What is required. Word for word, restate the entries below from their first line through the line that contains "Thomas Sabo Lederarmband".

[Short web captions]
^^^^^^^^

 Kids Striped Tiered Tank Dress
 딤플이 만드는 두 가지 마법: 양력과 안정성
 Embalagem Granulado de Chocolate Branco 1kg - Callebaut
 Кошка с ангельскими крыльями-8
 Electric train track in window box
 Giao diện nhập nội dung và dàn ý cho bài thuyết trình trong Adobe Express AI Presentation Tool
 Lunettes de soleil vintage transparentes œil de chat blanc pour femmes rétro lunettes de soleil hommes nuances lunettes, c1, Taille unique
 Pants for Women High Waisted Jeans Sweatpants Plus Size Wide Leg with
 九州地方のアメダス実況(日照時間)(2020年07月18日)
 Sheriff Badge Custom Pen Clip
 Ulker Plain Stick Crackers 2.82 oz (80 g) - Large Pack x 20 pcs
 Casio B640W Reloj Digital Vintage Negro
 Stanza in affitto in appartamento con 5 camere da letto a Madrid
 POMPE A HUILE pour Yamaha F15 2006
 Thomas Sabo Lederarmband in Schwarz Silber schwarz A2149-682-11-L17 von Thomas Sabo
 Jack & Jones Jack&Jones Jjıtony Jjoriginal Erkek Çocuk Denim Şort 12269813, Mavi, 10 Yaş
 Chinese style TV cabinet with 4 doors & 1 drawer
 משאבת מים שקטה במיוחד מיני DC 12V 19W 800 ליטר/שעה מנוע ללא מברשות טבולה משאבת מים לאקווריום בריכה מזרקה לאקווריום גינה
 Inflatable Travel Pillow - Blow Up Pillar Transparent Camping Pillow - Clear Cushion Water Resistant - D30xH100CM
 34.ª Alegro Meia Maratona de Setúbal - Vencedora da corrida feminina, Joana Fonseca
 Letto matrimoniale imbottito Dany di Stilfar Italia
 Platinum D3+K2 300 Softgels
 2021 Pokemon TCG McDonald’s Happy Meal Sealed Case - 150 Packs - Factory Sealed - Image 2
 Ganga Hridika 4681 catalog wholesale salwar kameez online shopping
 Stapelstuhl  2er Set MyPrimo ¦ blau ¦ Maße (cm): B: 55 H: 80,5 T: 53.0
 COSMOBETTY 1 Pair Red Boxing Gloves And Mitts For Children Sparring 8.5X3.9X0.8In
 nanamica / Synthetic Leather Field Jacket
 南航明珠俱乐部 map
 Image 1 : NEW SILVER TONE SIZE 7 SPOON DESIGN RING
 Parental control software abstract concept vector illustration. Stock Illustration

^^^^^^^^

Result.
 Kids Striped Tiered Tank Dress
 딤플이 만드는 두 가지 마법: 양력과 안정성
 Embalagem Granulado de Chocolate Branco 1kg - Callebaut
 Кошка с ангельскими крыльями-8
 Electric train track in window box
 Giao diện nhập nội dung và dàn ý cho bài thuyết trình trong Adobe Express AI Presentation Tool
 Lunettes de soleil vintage transparentes œil de chat blanc pour femmes rétro lunettes de soleil hommes nuances lunettes, c1, Taille unique
 Pants for Women High Waisted Jeans Sweatpants Plus Size Wide Leg with
 九州地方のアメダス実況(日照時間)(2020年07月18日)
 Sheriff Badge Custom Pen Clip
 Ulker Plain Stick Crackers 2.82 oz (80 g) - Large Pack x 20 pcs
 Casio B640W Reloj Digital Vintage Negro
 Stanza in affitto in appartamento con 5 camere da letto a Madrid
 POMPE A HUILE pour Yamaha F15 2006
 Thomas Sabo Lederarmband in Schwarz Silber schwarz A2149-682-11-L17 von Thomas Sabo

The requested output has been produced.